▸ EXERCISE INSTRUCTIONS: Set down the data below without change, skipping the pictures it holds.

▸ DATA PROVIDED:
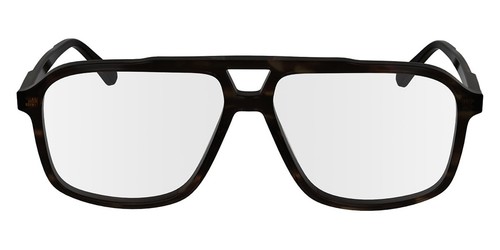Calvin Klein CK24518 Eyeglasses Unisex Brown Havana 57mm New 100% Authentic - Bild 1 von 8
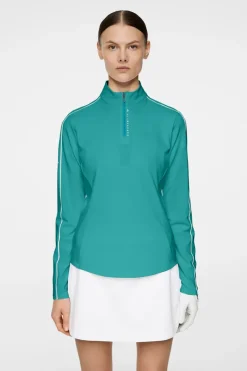 Adiola Quarter Zip Mid Layer|J.Lindeberg New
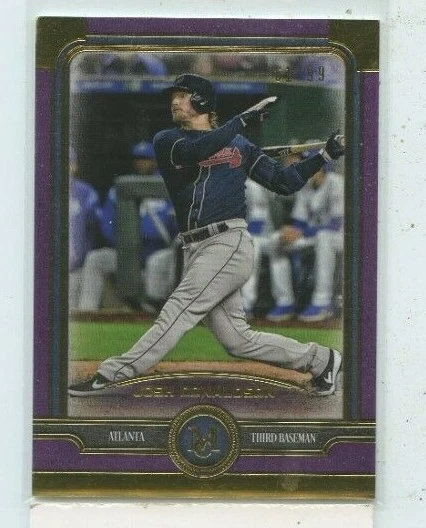 JOSH DONALDSON 2019 Topps Museum Collection Amethyst Parallel #D /99 - Image 1 of 1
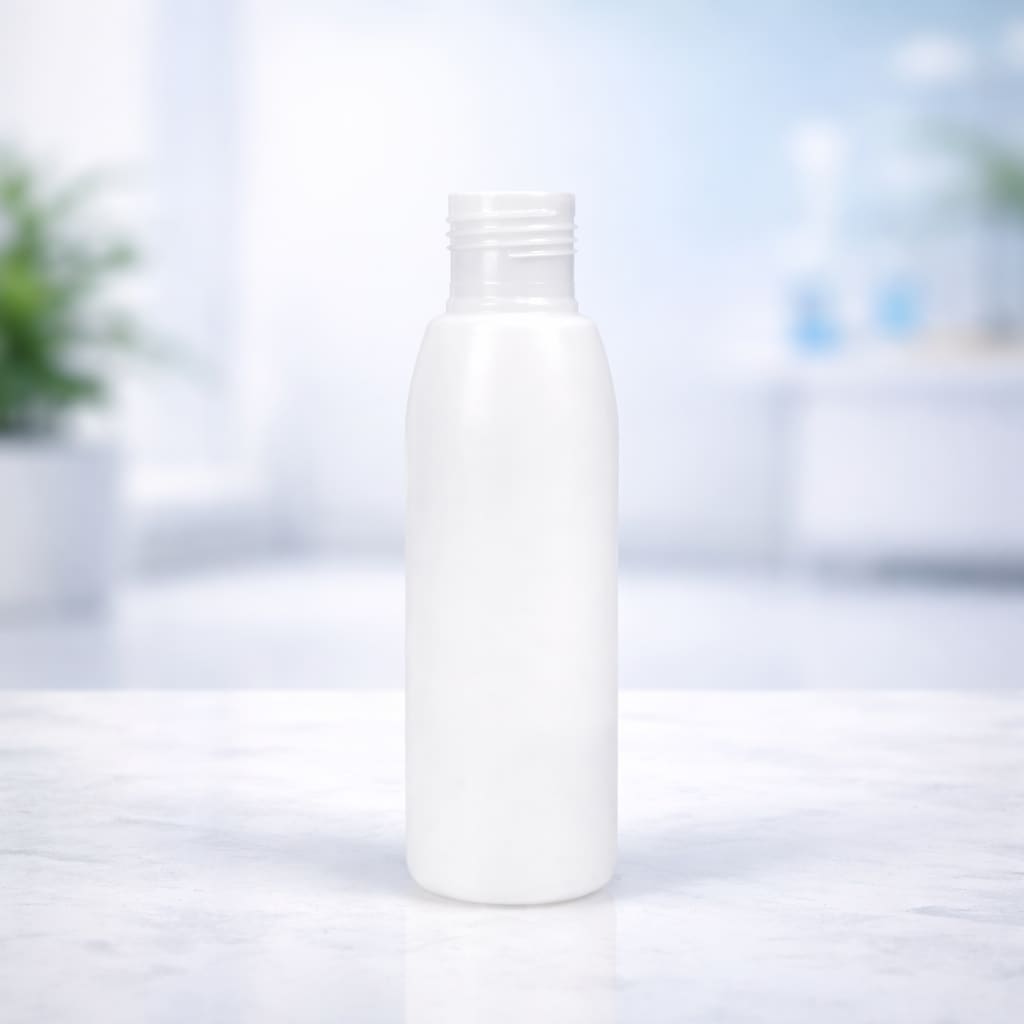 Compact cosmetic bottle for skincare products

▸ TASK RESULT:
Calvin Klein CK24518 Eyeglasses Unisex Brown Havana 57mm New 100% Authentic - Bild 1 von 8
 Adiola Quarter Zip Mid Layer|J.Lindeberg New
 JOSH DONALDSON 2019 Topps Museum Collection Amethyst Parallel #D /99 - Image 1 of 1
 Compact cosmetic bottle for skincare products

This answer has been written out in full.